Seine Fraktion hat sich bereits darauf festgelegt, von der Bundesregierung einen klaren Fahrplan zu verlangen. "Im Einklang mit den anderen Nato-Staaten müsste der Beginn des Abzugs im Jahr 2011 möglich werden", sagt Bartels. Legt Merkel den geforderten Plan nicht vor, wolle die SPD spätestens ab 2012 keiner Mandatsverlängerung mehr zustimmen, heißt es in der SPD.

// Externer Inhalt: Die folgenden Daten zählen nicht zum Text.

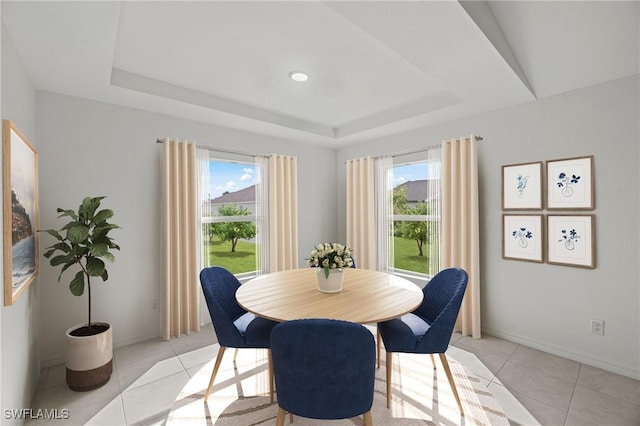 dining room featuring a healthy amount of sunlight, light tile patterned floors, baseboards, and a tray ceiling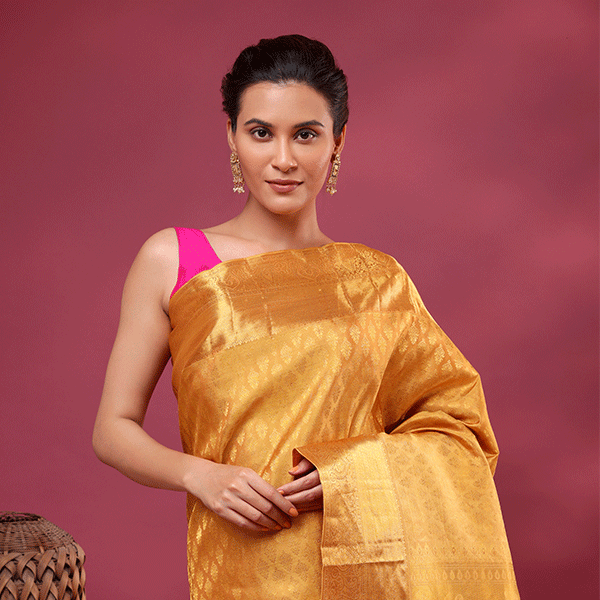 Close-up shot of the handwoven Suchi Kanjivaram silk fabric, showcasing the fine details of the golden mustard resham zari embroidery work.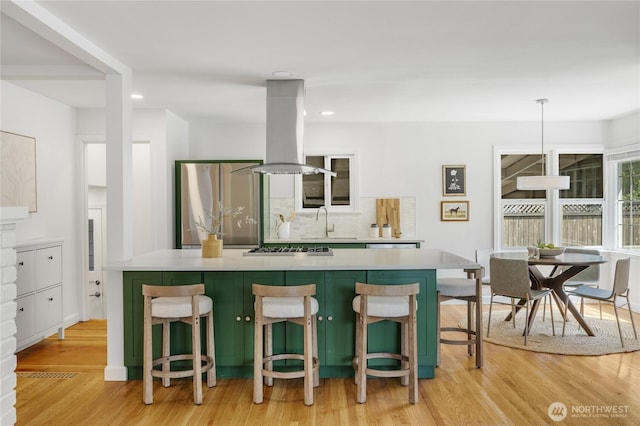 13247 2nd Ave NW, Seattle, WA 98177 - kitchen featuring island exhaust hood, stainless steel appliances, light wood-style flooring, tasteful backsplash, and a spacious island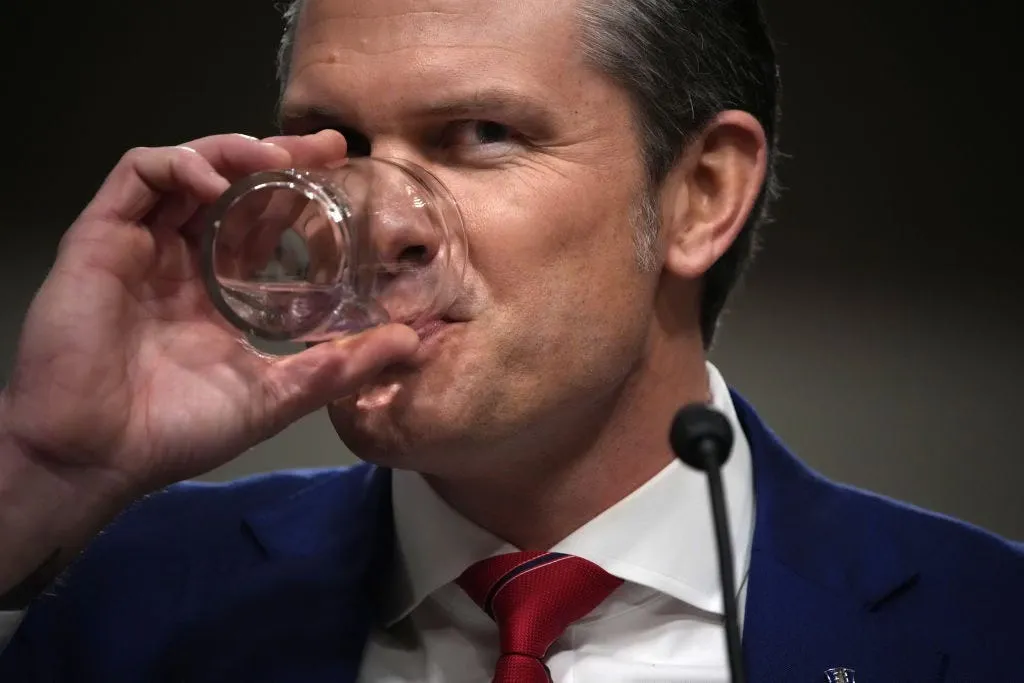 Hegseth drinking from glass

Die Option ist verführerisch, denn spätestens die Mandatsverlängerung 2012 wird vom kommenden Bundestagswahlkampf geprägt sein. Und je länger die SPD nach Gewinner-Themen sucht, desto mehr wird es Parteichef Gabriel in den Fingern jucken, sich bei Afghanistan der Öffentlichkeit als Friedensbringer zu präsentieren.

Auch die Grünen fordern Zugeständnisse. "Wir wollen eine klare Abzugsperspektive, Zusagen beim Polizeiausbau und eine Offensive im zivilen Bereich", sagt Verteidigungsexperte Omid Nouripour. Die Verteidigungspolitiker der Grünen-Fraktion erwarten dennoch, dass die Anzahl der ablehnenden Stimmen in jedem Fall steigen wird - vor allem, wenn die Bundesregierung nicht bereit ist, auf alle Forderungen einzugehen.

In den Regierungsfraktionen ist man sich des Risikos bewusst, auch was die Abstimmung im Januar angeht. Vorsorglich gehen die Verteidigungsexperten in die Offensive. "Ich hätte kein Verständnis dafür", sagte die FDP-Politikerin Elke Hoff, "dass sich die Fraktionen, die den Einsatz begonnen haben, jetzt in schwieriger Lage einen schlanken Fuß machen."